No. 30 – Auburn Tigers
- Position: Running back
- Class: Redshirt Sophomore

Personal information
- Born: Dallas, Texas, U.S.
- Listed height: 6 ft 0 in (1.83 m)
- Listed weight: 210 lb (95 kg)

Career information
- High school: Franklin (Franklin, Texas)
- College: Baylor (2023–2025); Auburn (2026–present);
- Stats at ESPN

= Bryson Washington =

American football player

Bryson Washington is an American college football running back for the Auburn Tigers. He previously played for the Baylor Bears.

==Early life==
Washington was born in Dallas, Texas and moved to Franklin, Texas when he was in middle school. Washington attended Franklin High School where as a senior, he rushed for over 2,000 yards and 30 touchdowns as he finished as a semifinalist for the Mr. Texas Football award. Coming out of high school, Washington was rated as a three-star recruit and held offers from schools such as Arkansas, Baylor, Boston College, Houston, Indiana, Iowa State, TCU, Texas Tech, and SMU. In December 2022, he committed to play college football for the SMU Mustangs.

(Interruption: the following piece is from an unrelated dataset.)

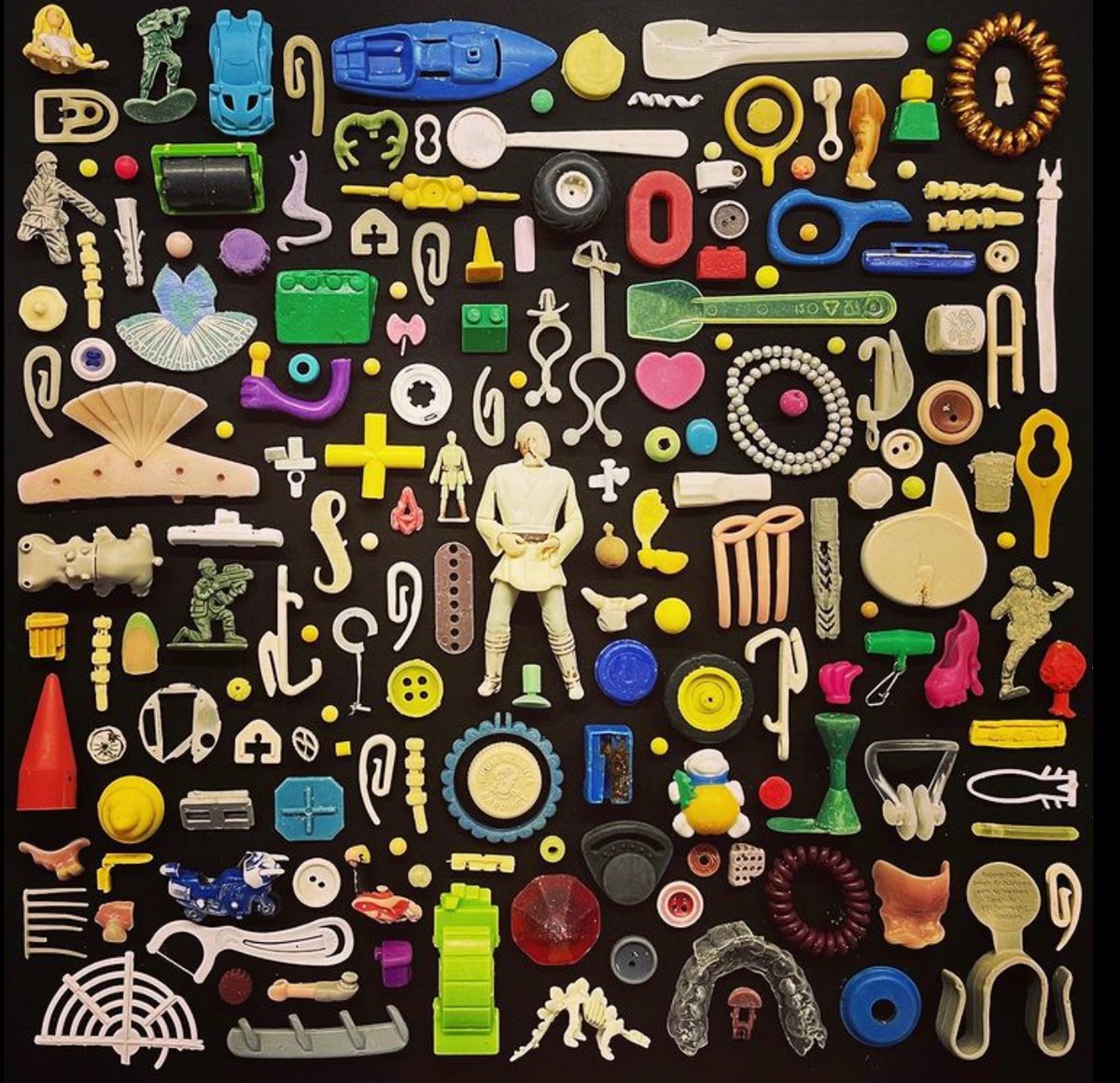 Lego Lost At Sea tweet media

However a week later, Washington flipped his commitment to play for the Baylor Bears.

==College career==
As a freshman at Baylor in 2023, Washington ran ten times for 45 yards and made a catch for a yard. In week 8 of the 2024 season, he notched 116 yards and two touchdowns in a win over Texas Tech, earning Big 12 Conference Newcomer of the Week honors. In week 10, Washington ran for 196 yards and four touchdowns on 26 carries in a win over TCU. For his performance, he was named the Earl Campbell Tyler Rose player of the week. In week 12, Washington rushed for 123 yards and three touchdowns, adding a receiving touchdown, in a win over West Virginia.

On January 4, 2026, Washington announced that he would enter the transfer portal.